Delete an HDF5 Object or Attribute

Description

Deletes an object (dataset or group) or an attribute from an HDF5 file. If the object or attribute does not exist, a warning is issued and the function returns successfully (no error is raised).

Usage

h5_delete(file, name, attr = NULL, warn = TRUE)

Arguments

Value

Invisibly returns NULL. This function is called for its side effects.

See Also

h5_create_group(), h5_move()

Examples

file <- tempfile(fileext = ".h5")
h5_create_file(file)

# Create some data and attributes
h5_write(matrix(1:10, 2, 5), file, "matrix")
h5_write("A note", file, "matrix", attr = "note")

# Review the file structure
h5_str(file)

# Delete the attribute
h5_delete(file, "matrix", attr = "note")

# Review the file structure
h5_str(file)

# Delete the dataset
h5_delete(file, "matrix")

# Review the file structure
h5_str(file)

# Cleaning up
unlink(file)

Get Dimensions of an HDF5 Object or Attribute

Description

Returns the dimensions of a dataset or an attribute as an integer vector. These dimensions match the R-style (column-major) interpretation.

Usage

h5_dim(file, name, attr = NULL)

Arguments

Value

An numeric vector of dimensions, or numeric(0) for scalars.

Examples

file <- tempfile(fileext = ".h5")

h5_write(matrix(1:10, 2, 5), file, "matrix")
h5_dim(file, "matrix") # 2 5

h5_write(mtcars, file, "mtcars")
h5_dim(file, "mtcars") # 32 11

h5_write(I(TRUE), file, "my_bool")
h5_dim(file, "my_bool") # numeric(0)

h5_write(1:10, file, "my_ints")
h5_dim(file, "my_ints") # 10

unlink(file)

Check if an HDF5 File, Object, or Attribute Exists

Description

Safely checks if a file, an object within a file, or an attribute on an object exists.

Usage

h5_exists(file, name = "/", attr = NULL, assert = FALSE)

Arguments

Details

This function provides a robust, error-free way to test for existence.

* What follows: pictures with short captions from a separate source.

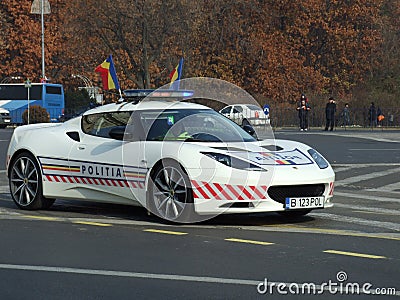 Romanian police car Editorial Stock Photo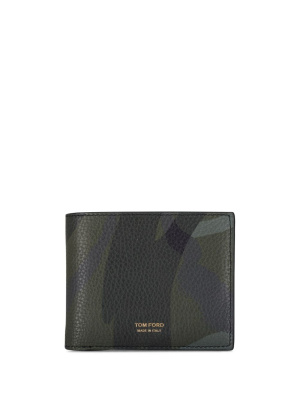 

Camouflage-print leather wallet, TOM FORD Camouflage-print leather wallet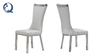 Luxury Chrome SS Dining Chairs softness Upholstered Dining Room Chair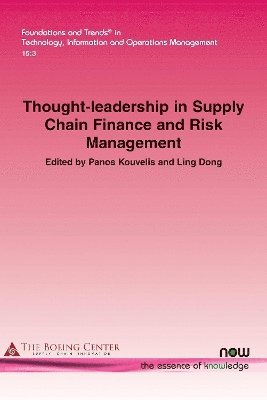 Thought-leadership in Supply Chain Finance and Risk Management 1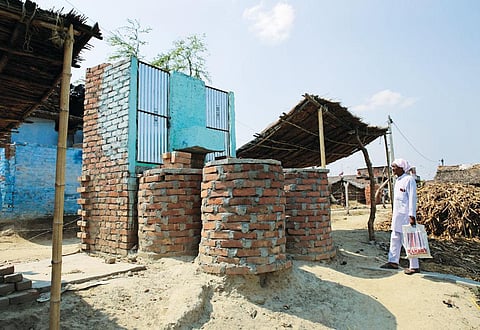 In Bihar's Khagaria district people don't use toilets in the monsoon as soak pits, installed at the flood level, start overflowing.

• Testing for a File: If name is / and attr is NULL, the function checks if file is a valid, readable HDF5 file.

• Testing for an Object: If name is a path (e.g., ⁠/data/matrix⁠) and attr is NULL, the function checks if the specific object exists.

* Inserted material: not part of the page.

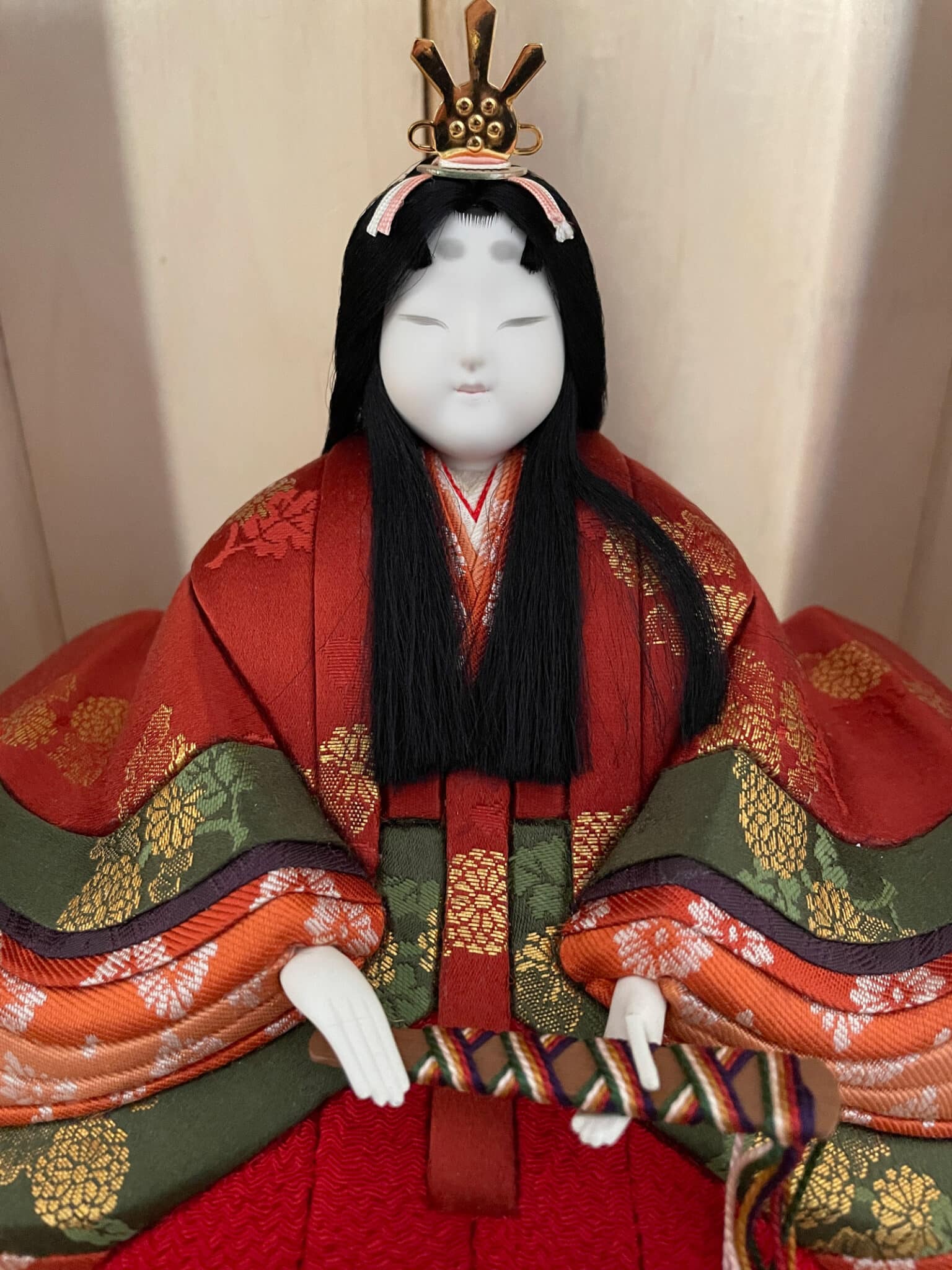 Vintage set Hina dolls of Emperor and Empress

• Testing for an Attribute: If attr is provided, the function checks if that attribute exists on the specified object name.

Value

A logical value: TRUE if the target exists and is valid, FALSE otherwise.

See Also

h5_is_group(), h5_is_dataset()

Examples

file <- tempfile(fileext = ".h5")

h5_exists(file) # FALSE

h5_create_file(file)
h5_exists(file) # TRUE

h5_exists(file, "missing_object") # FALSE

h5_write(1:10, file, "my_ints")
h5_exists(file, "my_ints") # TRUE

h5_exists(file, "my_ints", "missing_attr") # FALSE

h5_write(1:10, file, "my_ints", attr = "my_attr")
h5_exists(file, "my_ints", "my_attr") # TRUE

unlink(file)

Inspect HDF5 Dataset Creation Properties

Description

Retrieves the Dataset Creation Property List (DCPL) details including storage layout, chunk dimensions, and a detailed list of all applied filters.

Usage

h5_inspect(file, name)

Arguments

Value

An object of class inspect (a named list) containing:

Examples

file <- tempfile(fileext = ".h5")

compress <- h5_compression('lz4-9', int_packing = TRUE, checksum = TRUE)
h5_write(matrix(5001:5100, 10, 10), file, "packed_mtx", compress = compress)
h5_inspect(file, "packed_mtx")

mtx <- matrix(rnorm(1000), 100, 10)
h5_write(mtx, file, "float_mtx", compress = 'blosc2-zfp-prec-3')
res <- h5_inspect(file, "float_mtx")
print(res)

# Print the raw cd_values for blosc2
dput(res$filters[[1]]$cd_values)

unlink(file)

Check if an HDF5 Object is a Dataset

Description

Checks if the object at a given path is a dataset.

Usage

h5_is_dataset(file, name, attr = NULL)

Arguments

Value

A logical value: TRUE if the object exists and is a dataset, FALSE otherwise (if it is a group, or does not exist).

See Also

h5_is_group(), h5_exists()

Examples

file <- tempfile(fileext = ".h5")

h5_write(1, file, "dset")
h5_is_dataset(file, "dset") # TRUE

h5_create_group(file, "grp")
h5_is_dataset(file, "grp") # FALSE

h5_write(1, file, "grp", attr = "my_attr")
h5_is_dataset(file, "grp", "my_attr") # TRUE

unlink(file)

Check if an HDF5 Object is a Group

Description

Checks if the object at a given path is a group.

Usage

h5_is_group(file, name, attr = NULL)

Arguments

Value

A logical value: TRUE if the object exists and is a group, FALSE otherwise (if it is a dataset, or does not exist).

See Also

h5_is_dataset(), h5_exists()

Examples

file <- tempfile(fileext = ".h5")

h5_create_group(file, "grp")
h5_is_group(file, "grp") # TRUE

h5_write(1:10, file, "my_ints")
h5_is_group(file, "my_ints") # FALSE

unlink(file)

Get the Total Length of an HDF5 Object or Attribute

Description

Behaves like length() for R objects.

• For Compound Datasets (data.frames), this is the number of columns.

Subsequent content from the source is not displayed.